*** LISTED ENTRIES Section Begins ***
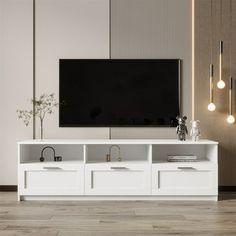 a white entertainment center with two drawers and a flat screen tv mounted on the wall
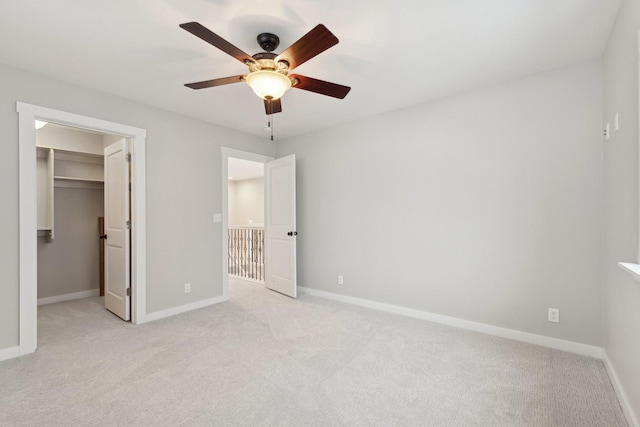 unfurnished bedroom with light colored carpet, ceiling fan, a spacious closet, and a closet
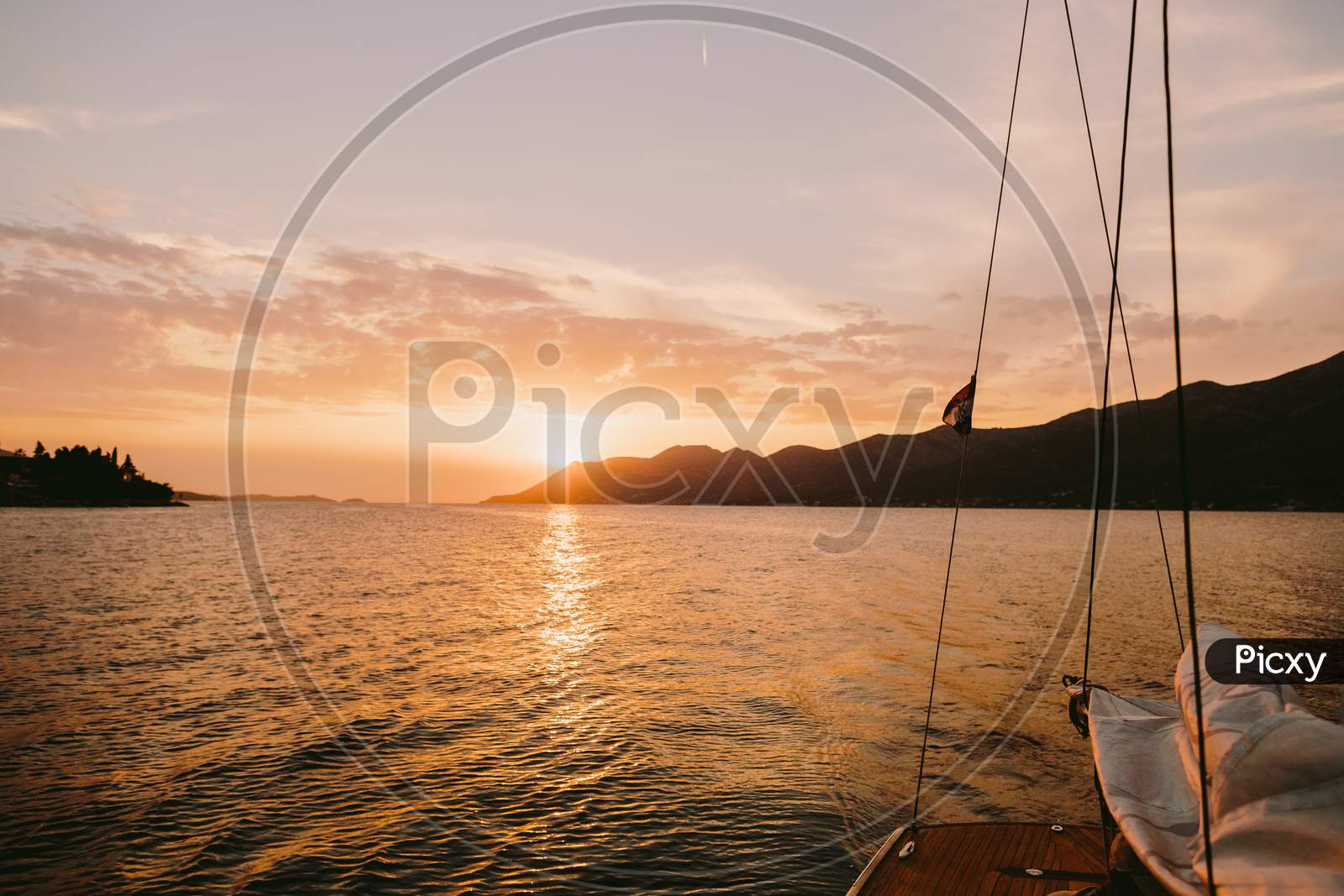 Yacht Sailing At Sunset In Sea With Mountains View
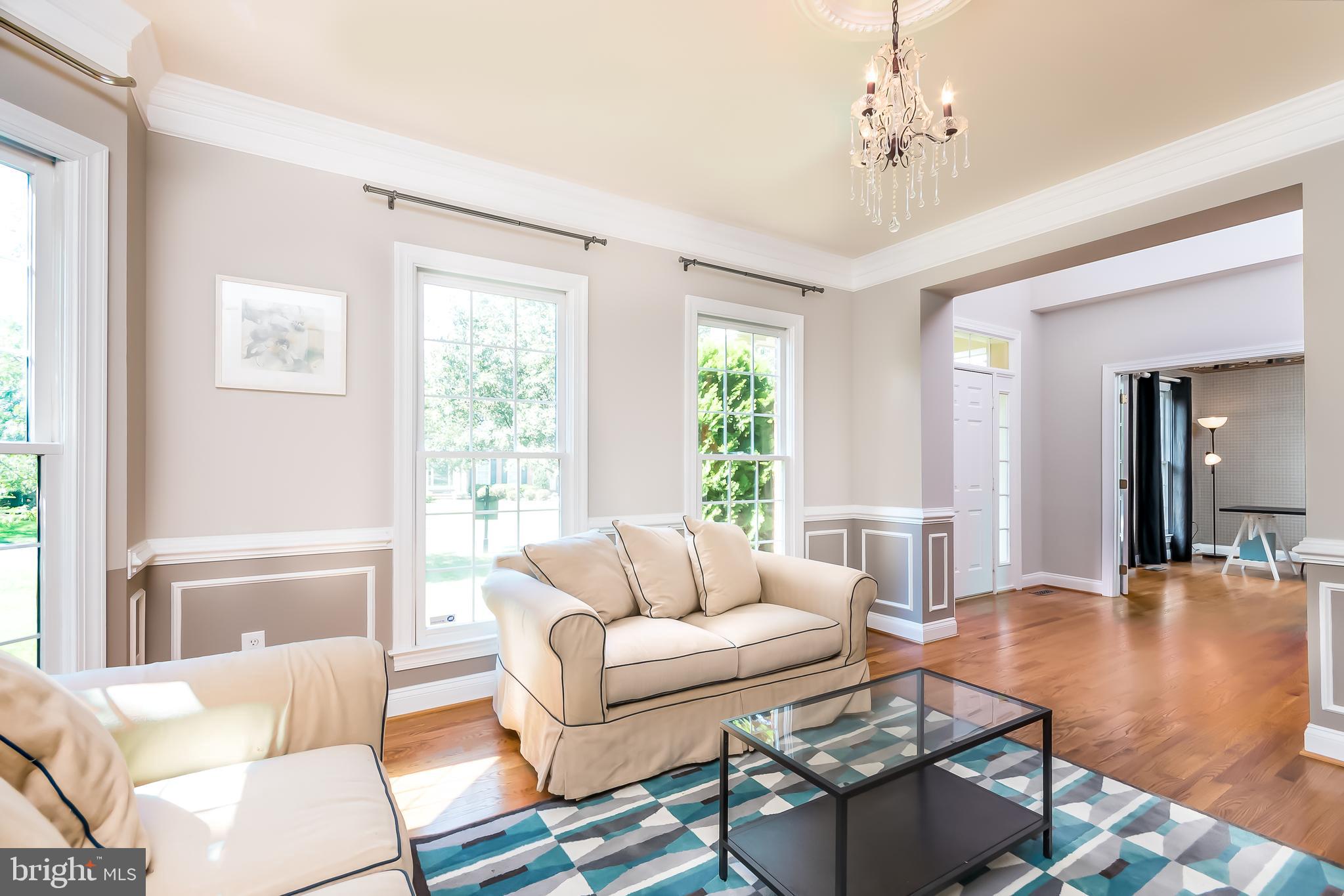 43268 Hillhead Place Leesburg, VA 20176 - Photo 15 of 53 a living room with furniture and a large window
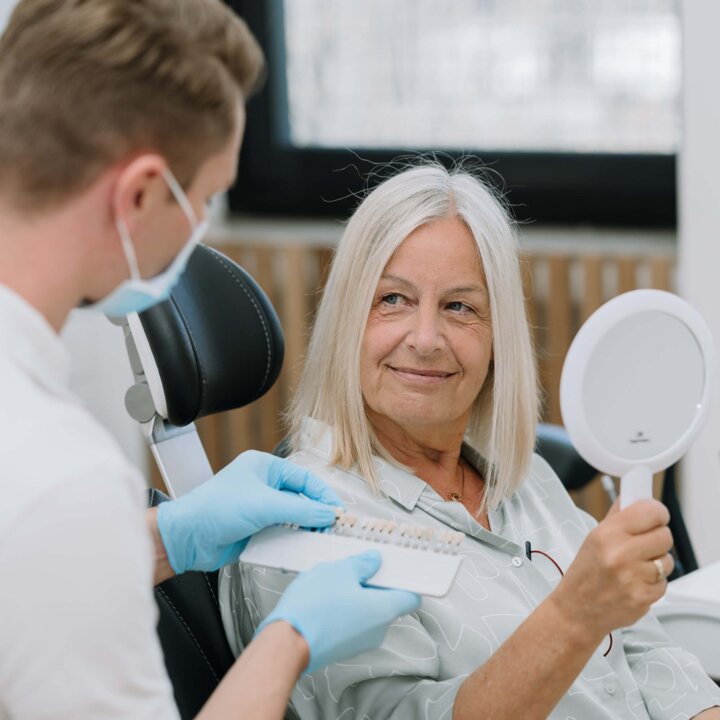 Zahnarzt berät Patientin im Behandlungszimmer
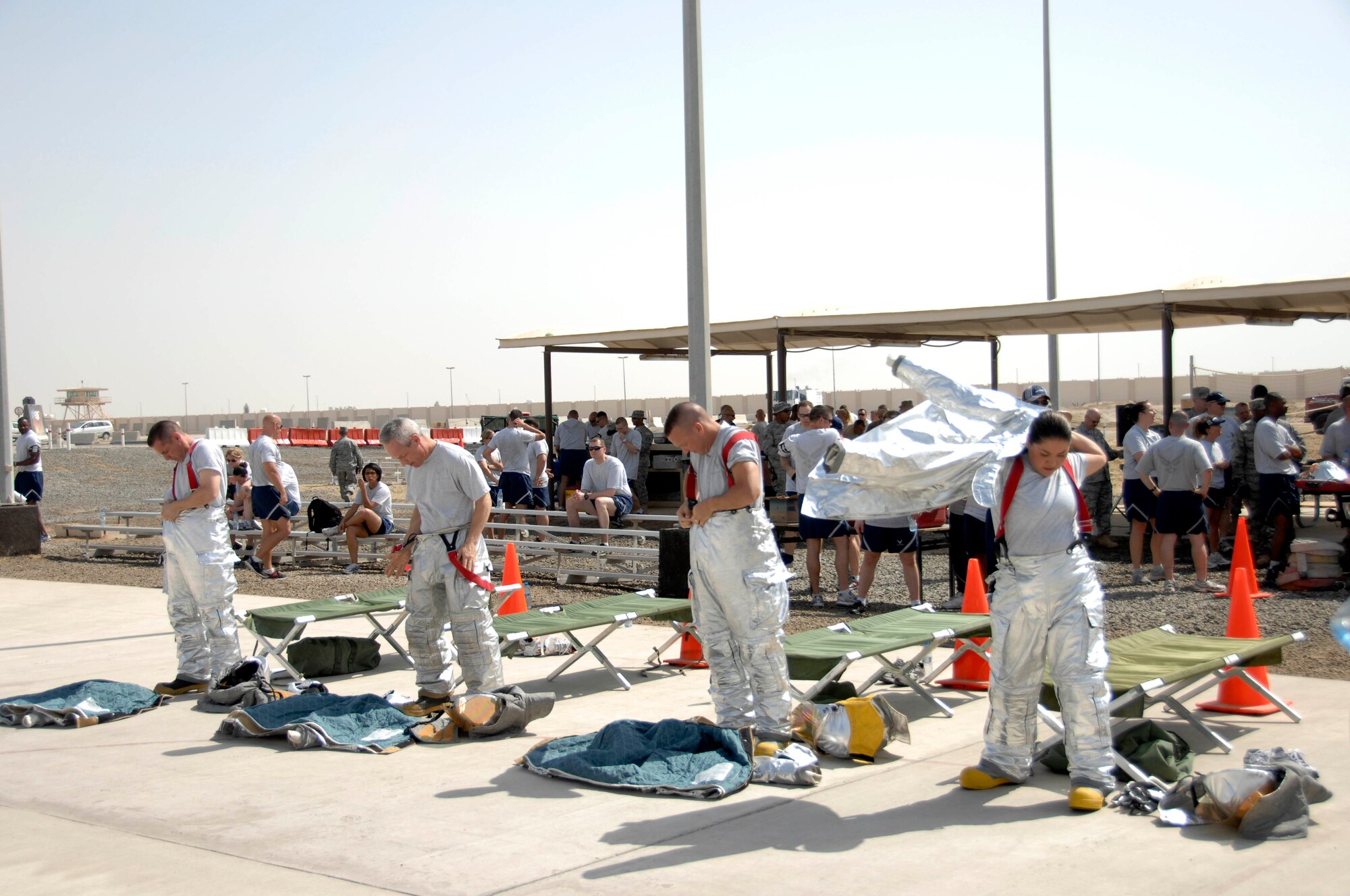 Members of the 380th Expeditionary Mission Support Group fire muster team don protective suits during the "midnight fire alarm" challenge of a fire muster challenge March 21 at an air base in Southwest Asia. A total of 56 Airmen made up 14 teams who competed in events such as a dummy carry, bucket brigade and fire hose roll-up. (U.S. Air Force photo/Staff Sgt. Mike Andriacco) 
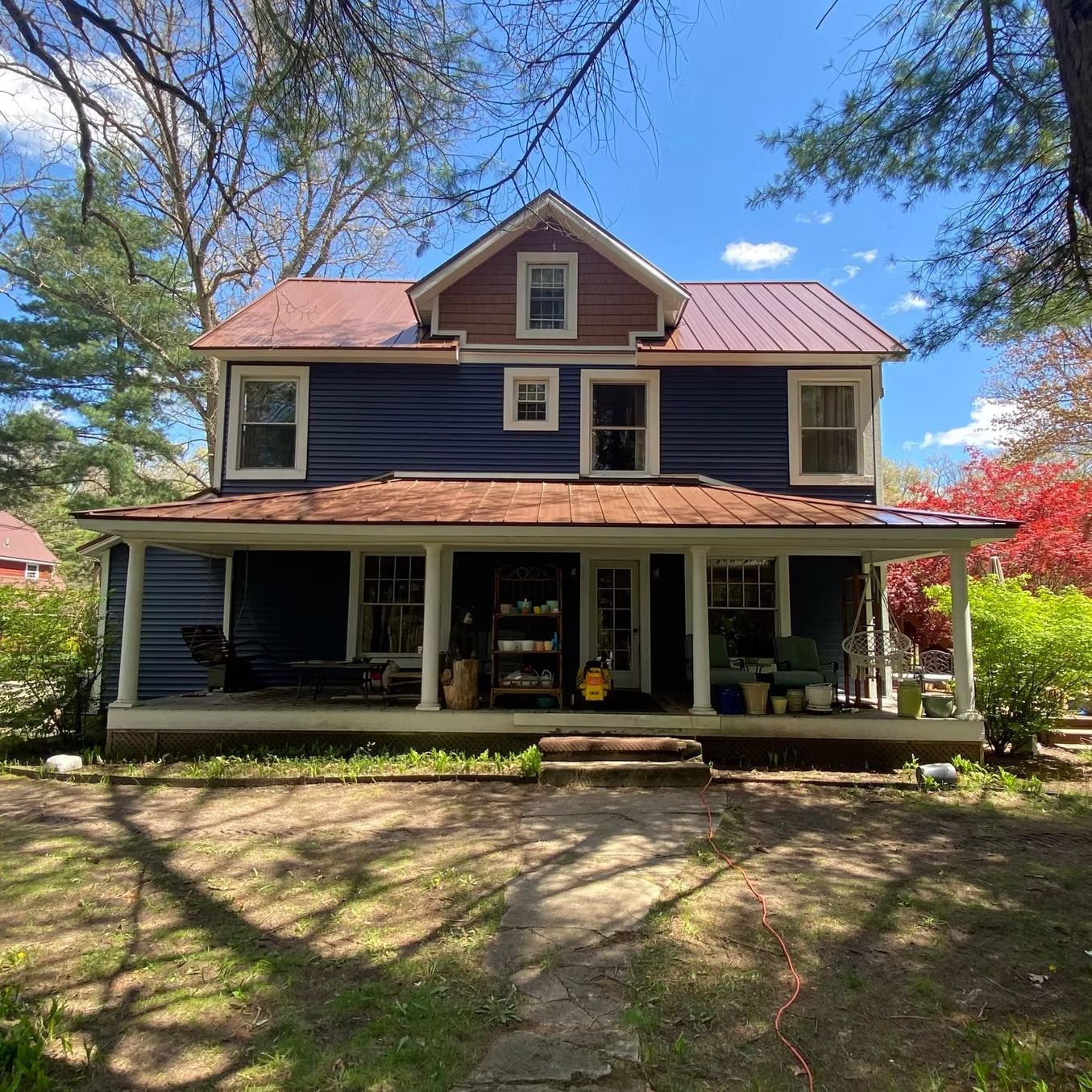 Blue two-story house with a wrap-around porch, brown roof, and several windows. Sunny day.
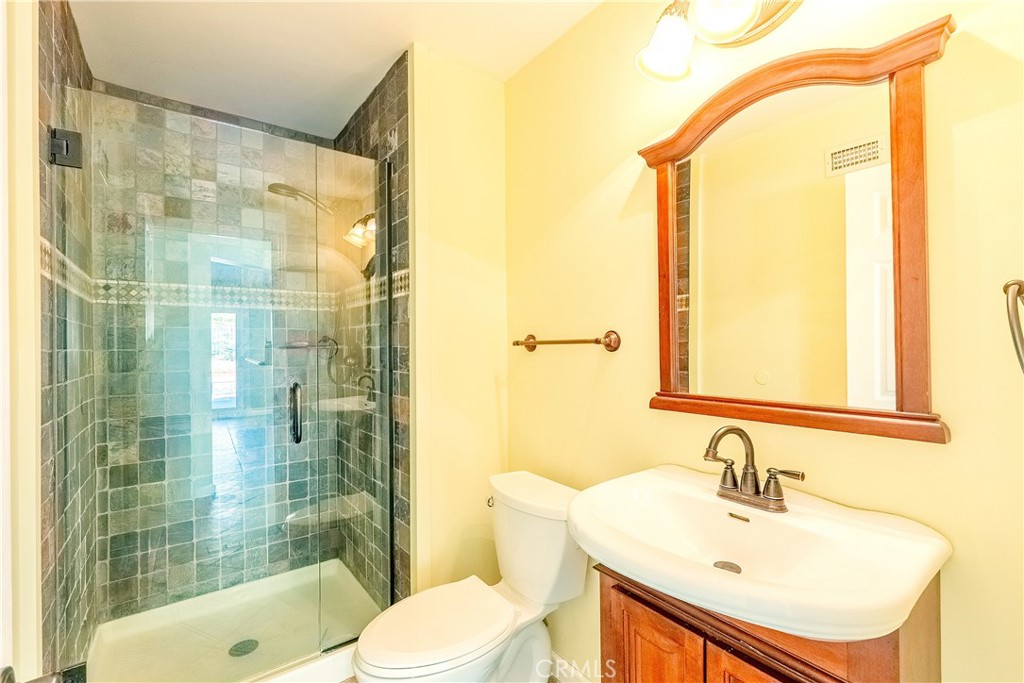 20549 Romar Lane Saugus, CA 91350 - Photo 24 of 31 a bathroom with a sink and a mirror
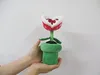 Hands holding a plush toy Piranha Plant from the Super Mario franchise. Anteprima dell’immagine prodotto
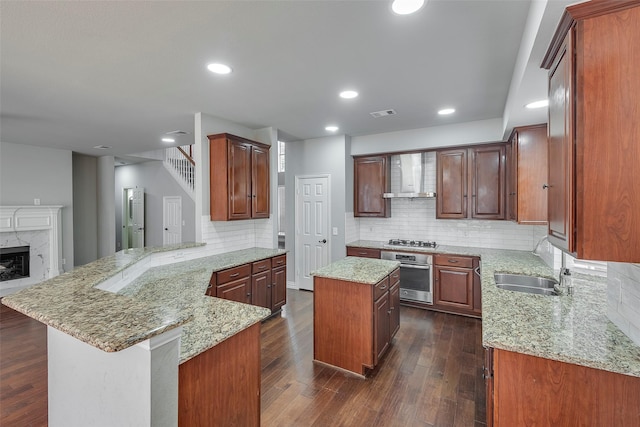 kitchen featuring dark wood-style flooring, appliances with stainless steel finishes, a sink, a peninsula, and wall chimney exhaust hood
*** LISTED ENTRIES Section Ends ***
WORK REQUIRED: Restate the entries above word for word, keeping pictures out of the copy.

SOLUTION TO THE EXERCISE:
 a white entertainment center with two drawers and a flat screen tv mounted on the wall
 unfurnished bedroom with light colored carpet, ceiling fan, a spacious closet, and a closet
 Yacht Sailing At Sunset In Sea With Mountains View
 43268 Hillhead Place Leesburg, VA 20176 - Photo 15 of 53 a living room with furniture and a large window
 Zahnarzt berät Patientin im Behandlungszimmer
 Members of the 380th Expeditionary Mission Support Group fire muster team don protective suits during the "midnight fire alarm" challenge of a fire muster challenge March 21 at an air base in Southwest Asia. A total of 56 Airmen made up 14 teams who competed in events such as a dummy carry, bucket brigade and fire hose roll-up. (U.S. Air Force photo/Staff Sgt. Mike Andriacco) 
 Blue two-story house with a wrap-around porch, brown roof, and several windows. Sunny day.
 20549 Romar Lane Saugus, CA 91350 - Photo 24 of 31 a bathroom with a sink and a mirror
 Hands holding a plush toy Piranha Plant from the Super Mario franchise. Anteprima dell’immagine prodotto
 kitchen featuring dark wood-style flooring, appliances with stainless steel finishes, a sink, a peninsula, and wall chimney exhaust hood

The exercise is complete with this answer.